Architecture photo walks and courses

Walks: Explore places through photography and discover the stories about architecture and urban change in different parts of the city.  

Courses: Photography courses run throughout the year at the Mary Ward Centre and Gloucester Adult Education and include:

  • Digital Photography in the City - learn practically how creative ideas take shape from location to photograph
  • Digital Photography Introduction - be more in control of your digital camera and use it more creatively
  • Photography Studies- learn from the photographers whose images changed the way we see 
  • Photography with an iPad - use your smartphone or tablet and learn about photography composition  
  • Photography at Gloucester Cathedral and at the Docks - learn to use your camera and take better photos  

Further details on the photo walks, below, with links to recent listings. 

Concrete Futures - Poplar Brutalism

Balfron Tower and the Robin Hood Gardens estate are two of the most well-known examples of Brutalist architecture in East London. Located in a Conservation Area, the Balfron Tower is Grade II* listed and being refurbished whereas Robin Hood Gardens is undergoing demolition as part of the Blackwall Reach regeneration scheme. On this walk we reflect on the utopian ambitions of the architects behind these great social housing projects and question what aspects of their pasts might have led to such diverging futures. 

See listing of this walk from the 18 May 2019 at

Olympic Park - legacy landscape 

London’s proposal for the 2012 Olympics was to develop a ‘legacy’ park for the future that would long outlast the temporary setting of the Games. The Park would be a model of sustainable urban landscape design and provide a backdrop for some inspirational architecture including the London Aquatics Centre and the RIBA Stirling Prize shortlisted Velodrome. With photographs from before and after the Games along with insights of living within the local neighbourhood this photo walk looks at the legacy of the Park and considers the changes that are yet to come. 

See listing for this walk from 25 Sep 2021 at

The Leaway - urban connections

From Pudding Mill Lane to Leamouth, the Leaway is a walking route through a once fragmented urban landscape of East London’s industrial past. It is also the backbone for an extended Lea River Park that links the Olympic Park to the Thames. On this photo walk we will see the historical features of this once industrialised area as well as the emerging new landscape and stop at Cody Dock where the community is leading the redevelopment. Along the way we will pass several sculptures on The Line art trail as well as find thriving wildlife and surprising views of London’s skyline.

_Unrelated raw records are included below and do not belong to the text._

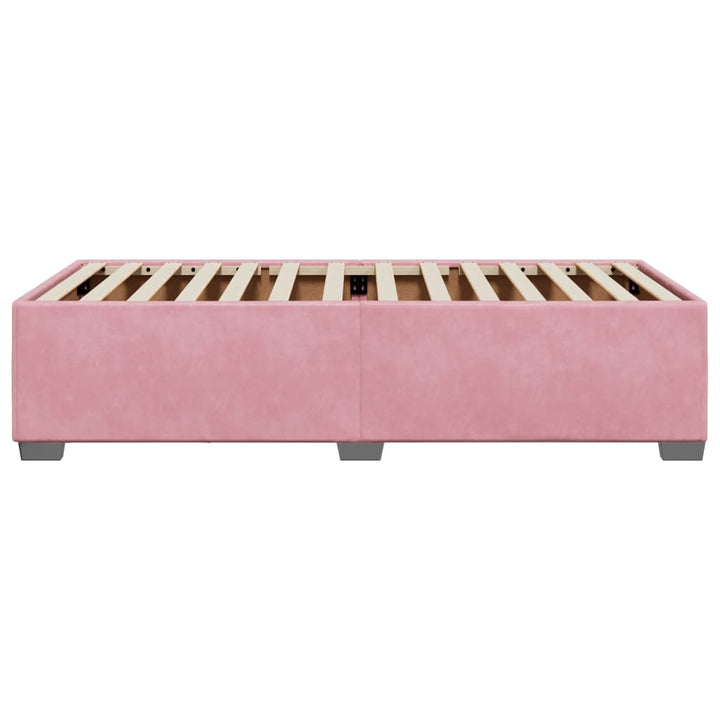 sengeramme 100x200 cm fløjl pink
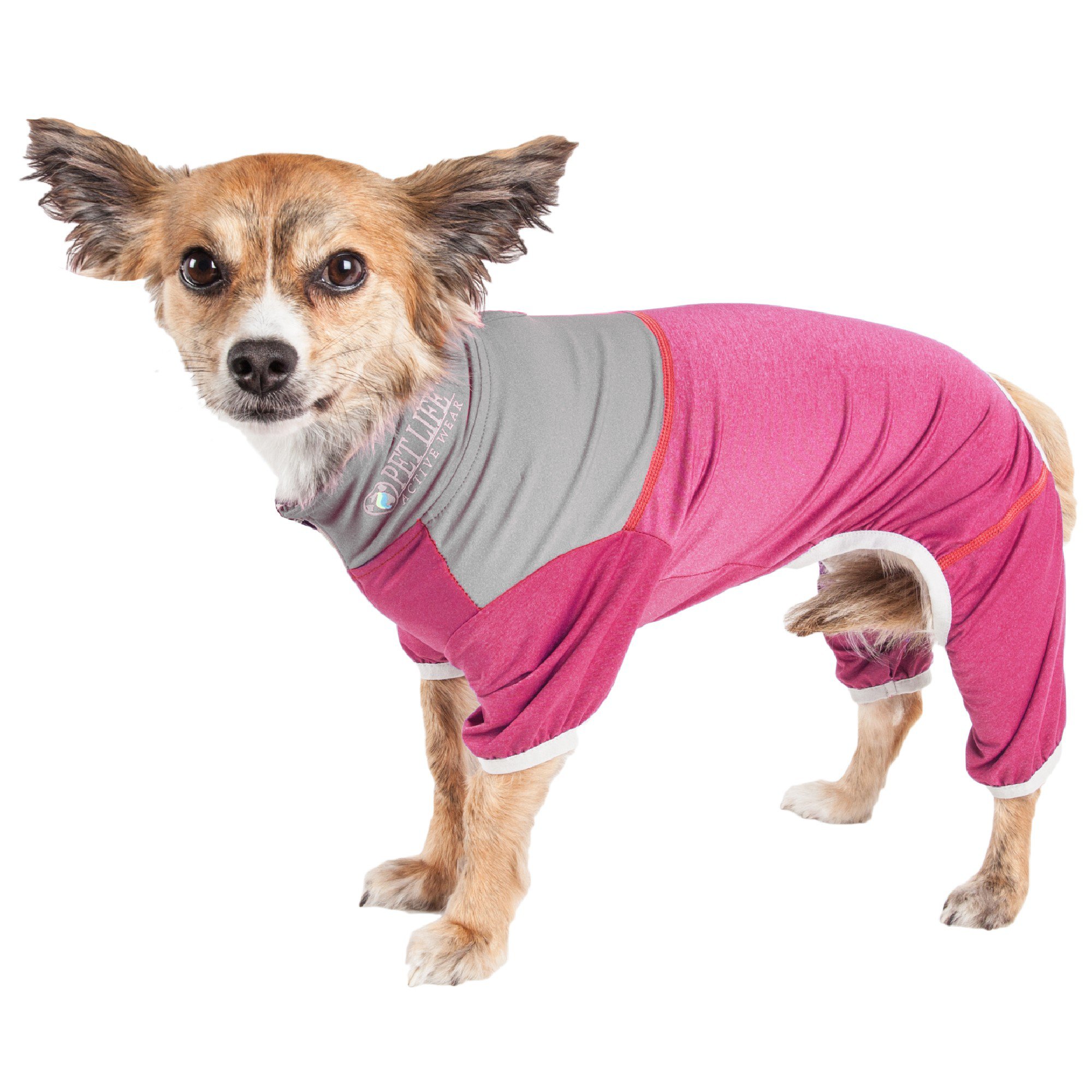 pink dog sweater large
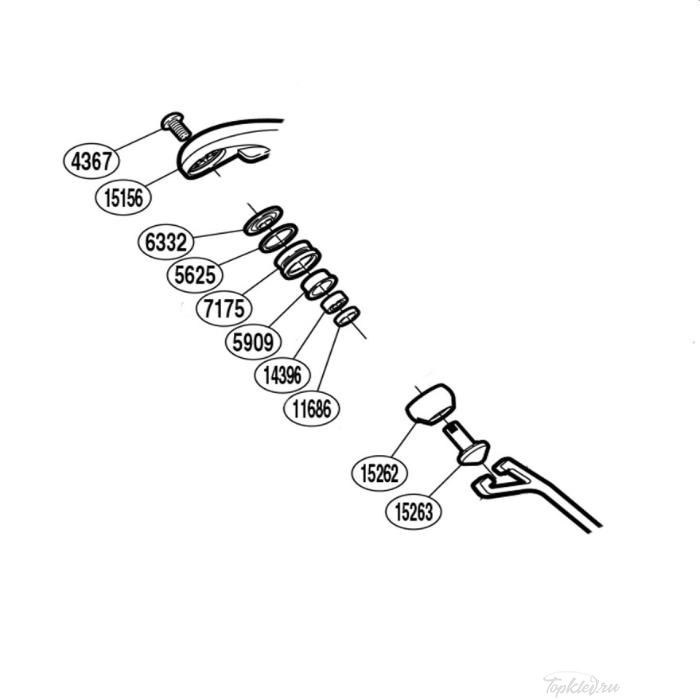 Запасная часть для катушки Shimano Line Roller Set набор ролика лесоукладывателя (PK0118)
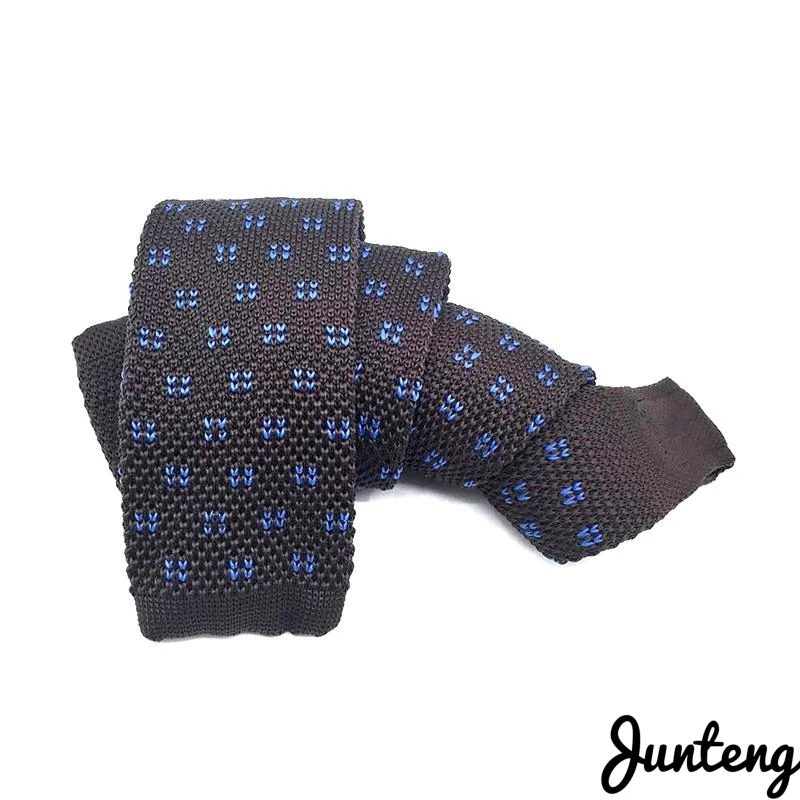 Бесплатная доставка Модный мужской вязаный галстук Тканые простые Галстуки |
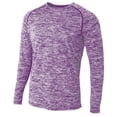 thumbnail image 1 of A4 Drop Ship Men's Space Dye Long Sleeve Raglan T-Shirt - N3305, 1 of 5
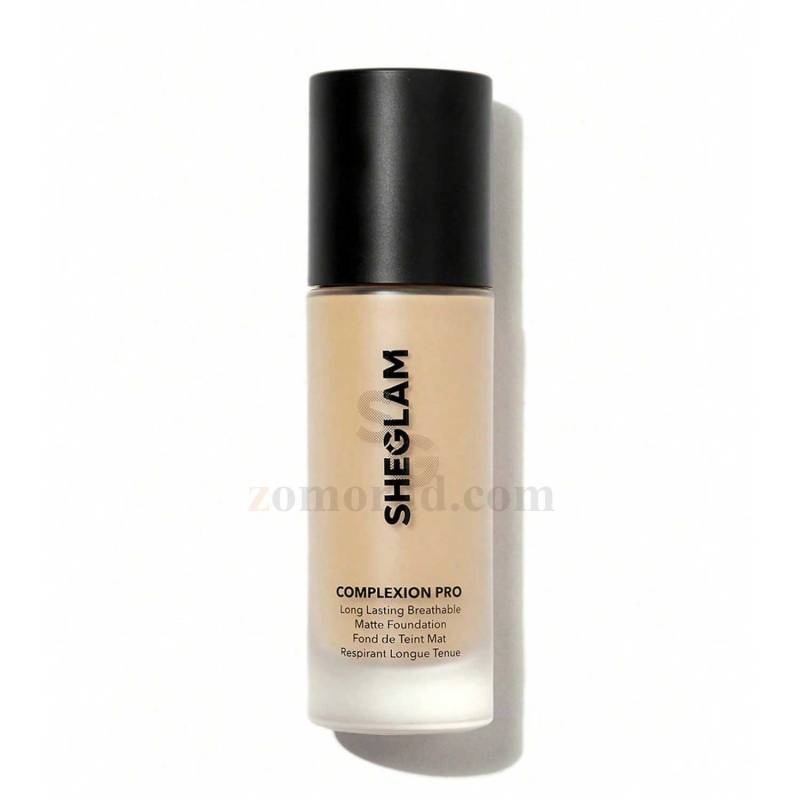zomorad.com photo SHEGLAM Complexion Pro Long Lasting Breathable Matte Foundation Shell 01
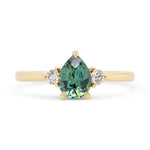 1.15ct Zara Pear Teal Sapphire & Diamond Engagement Ring
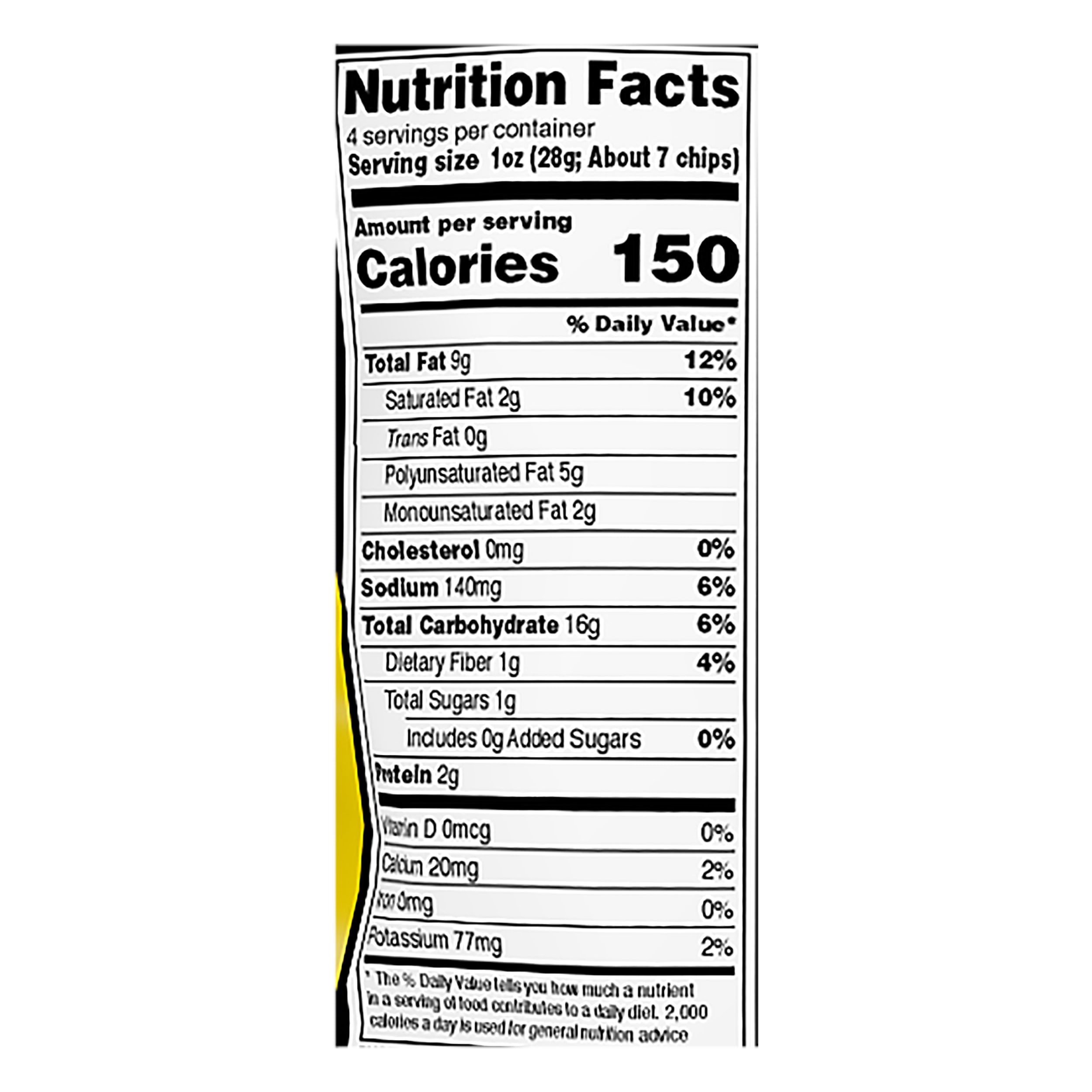 On The Border® Café Style® Queso Flavored Tortilla Chips 4 oz. Bag
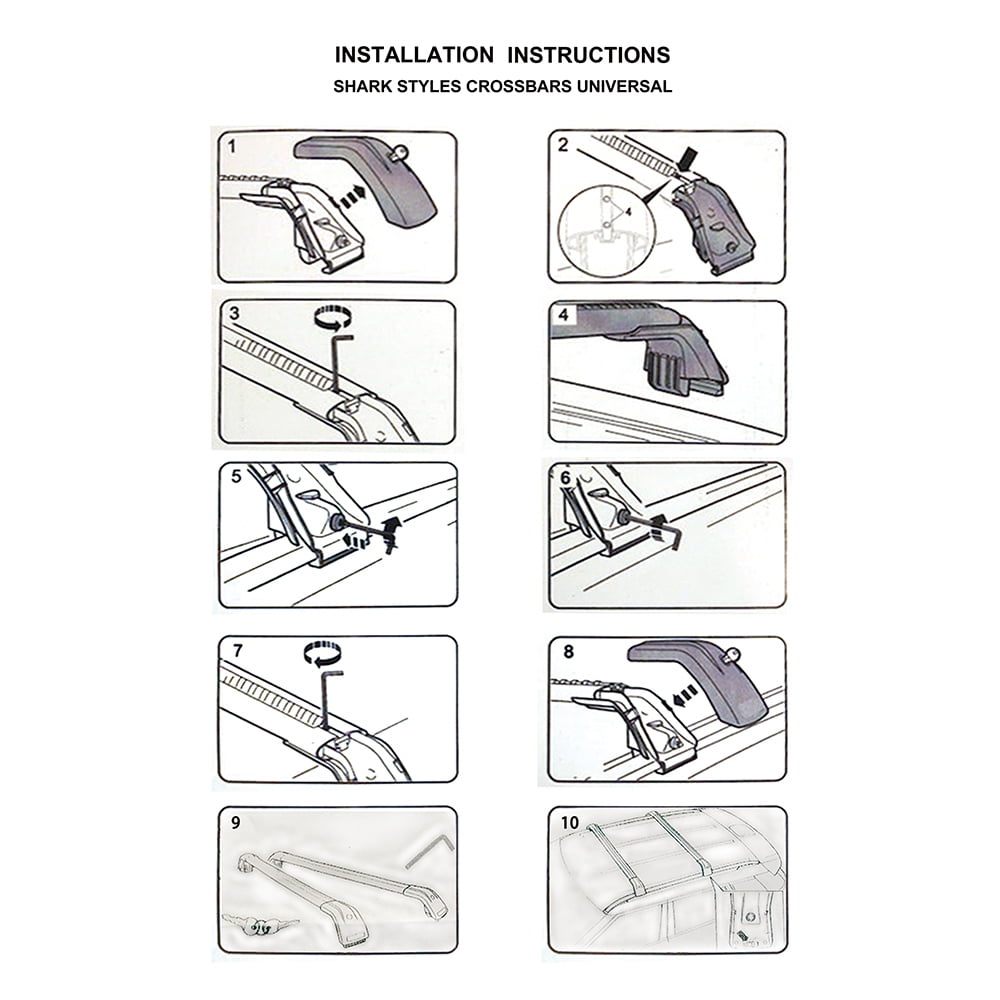 Buy ECCPP Roof Rack Crossbars Compatible for Mitsubishi Outlander 2013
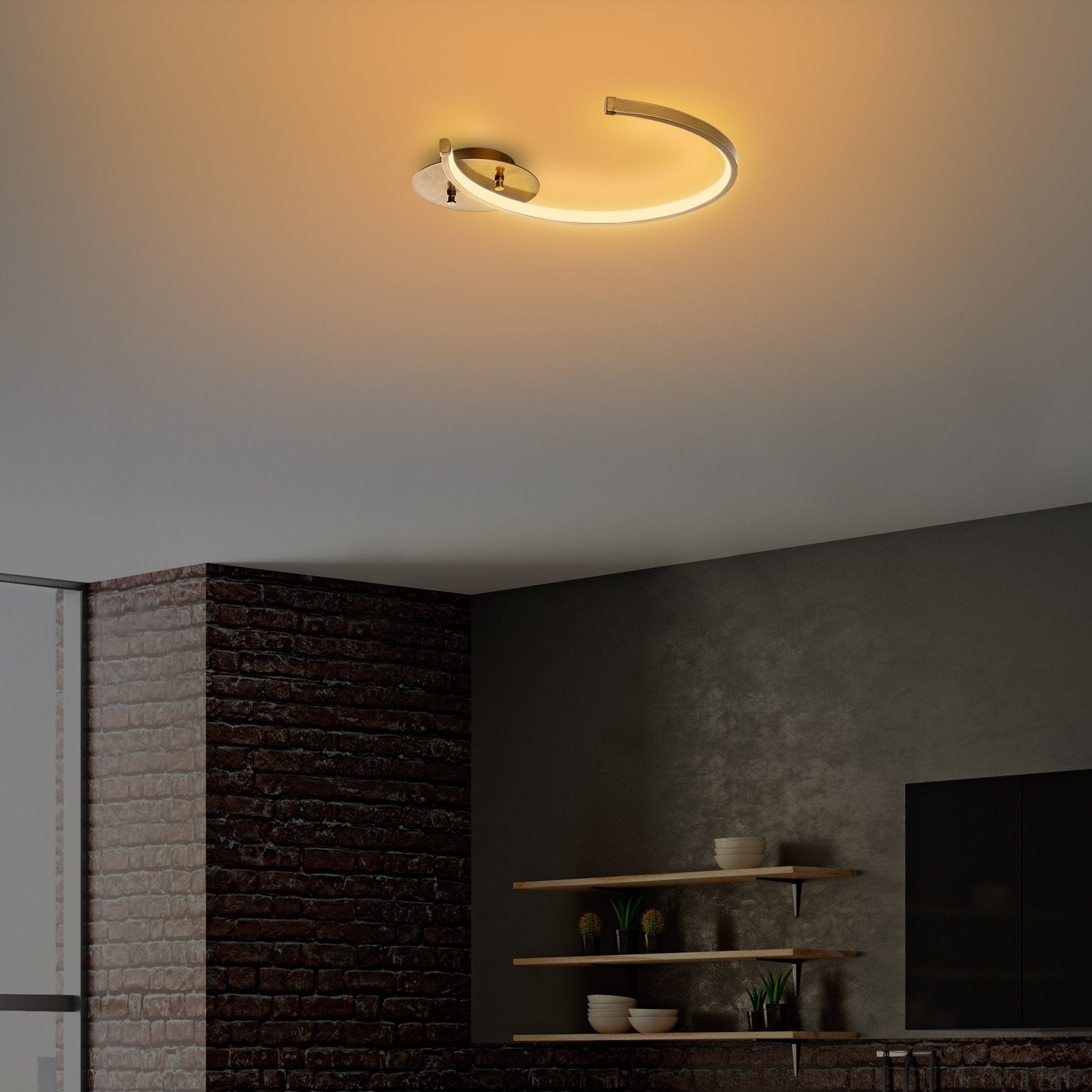 Asir Lampada Moon 13326 Oro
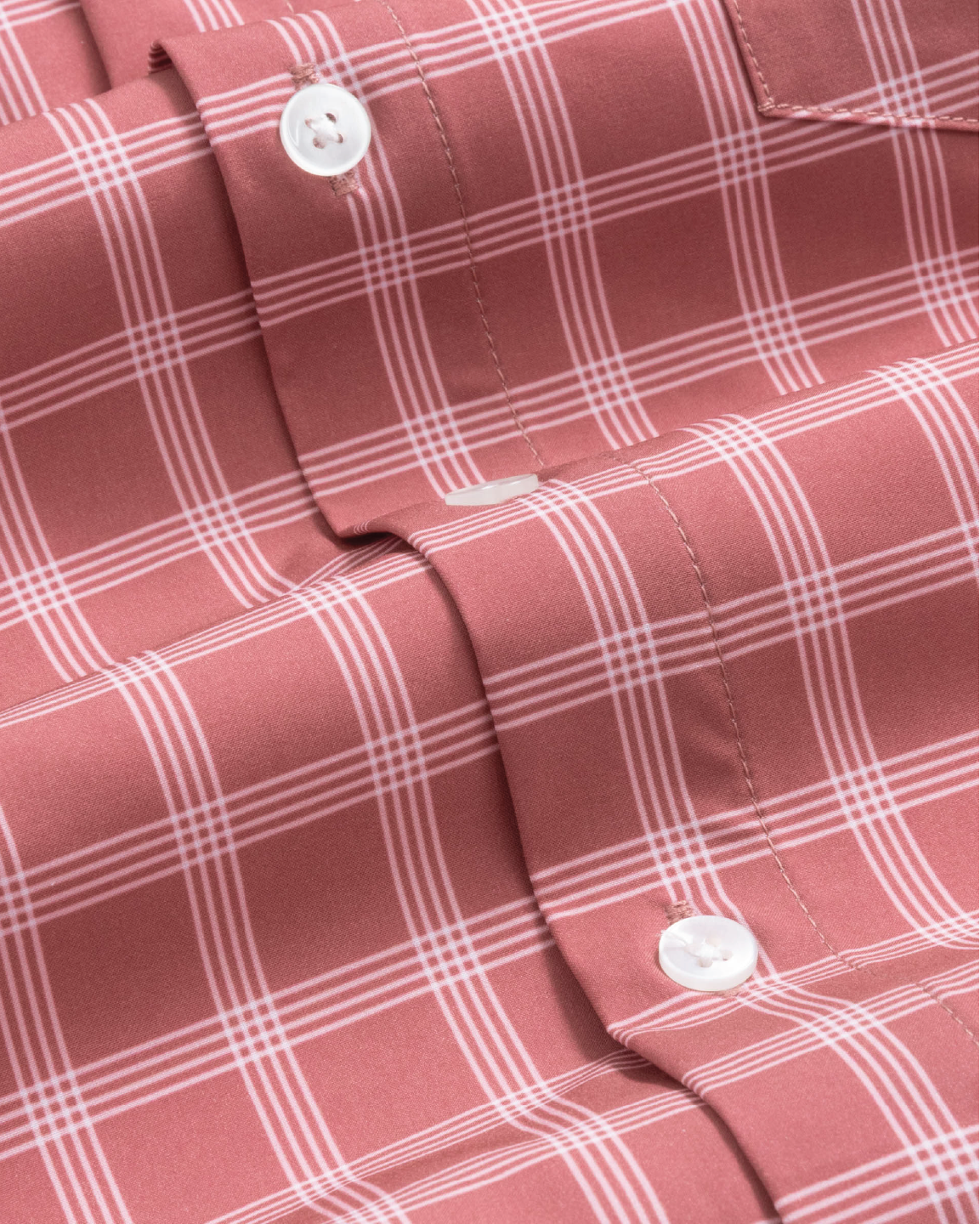 Range Shirt - Adobe Red w/ White Windowpane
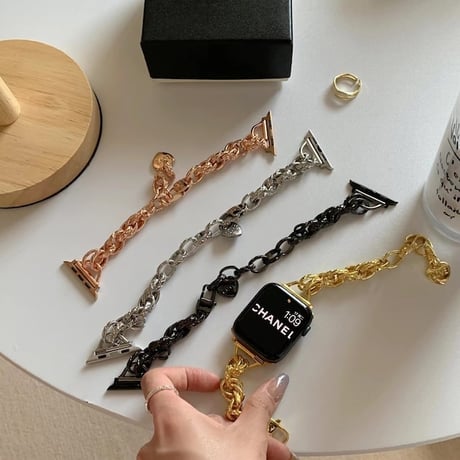 【N086】Apple Watch ブレスレット バンド 女性 アップルウォッチ7 se バンド かわいい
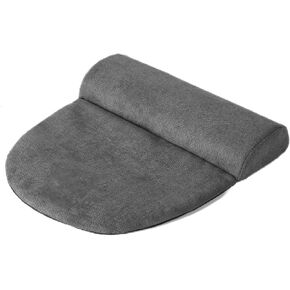 Travel-Friendly Cervical Bolster for Big Dogs – High-Resilience Foam, Machine-Washable Cover, and Neck-Relieving Support (Dark Gray)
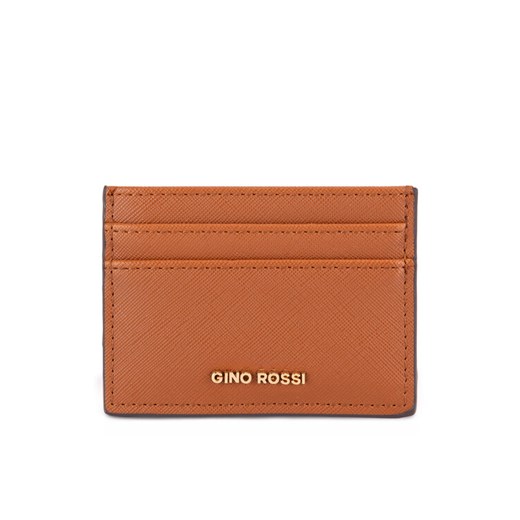 Gino Rossi Etui na karty kredytowe QYL0023 Brązowy ze sklepu MODIVO w kategorii Etui - zdjęcie 182617564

See listing for from the 24th Oct 2021 at

Canada Water and Rotherhithe:  

The industrial wharves of Rotherhithe were some of the first in London to undergo a change to residential use.  We will walk through what is now a largely residential area but which was formerly full of dockyards and timber ponds with trading connections to the Baltic and Scandinavian countries. Starting at Canada Water the walk will scale Stave Hill for spectacular views to Canary Wharf, find Georgian inspiration on the longest street in London and end at Rotherhithe Village - a suitable place to enjoy some well-earned refreshment.

Deptford Creekside - conservation and culture

Deptford Creekside was granted conservation status in 2012 and along with architectural and industrial heritage the area is also well-known for its many artists studios and galleries. Starting at Cutty Sark, this walk heads in the opposite direction to Greenwich and considers the importance of arts and culture to the urban regeneration underway. A stop to see the translucent Laban Dance Centre by Herzog and de Meuron, which won the RIBA Stirling Prize in 2003, is one of the highlights before exploring the rest of the historic Creekside conservation area.

See listing of this walk from 5 Oct 2019 at

Golden Lane Estate and the Barbican

These two great estates were designed about ten years apart by architects Chamberlin, Powell and Bon to provide much needed housing in City of London locations that had been heavily bomb damaged during the war. Now listed they continue to be exemplars from a period of utopian ideals for city living with gardens, open spaces and leisure facilities that were all carefully designed to meet the needs of residents. Starting at Barbican station the walk explores the vantage points around Golden Lane before heading up onto the Barbican Highwalks and finishing at Moorgate.  

Kings Cross and St Pancras

Explore one of London’s largest re-development zones on this architecture photo walk that focusses on the extensive regeneration of Kings Cross and St Pancras. Previously an industrial area defined by its rail landscape and dissected by the Regent’s Canal, the space has been re-imagined as a new creative quarter. With many of its historic buildings re-purposed we will walk through the Granary Building, find views of Gasholder Park and visit the bustling Coal Drops Yard before exploring the new architecture and the sustainable ideas at the Skip Garden.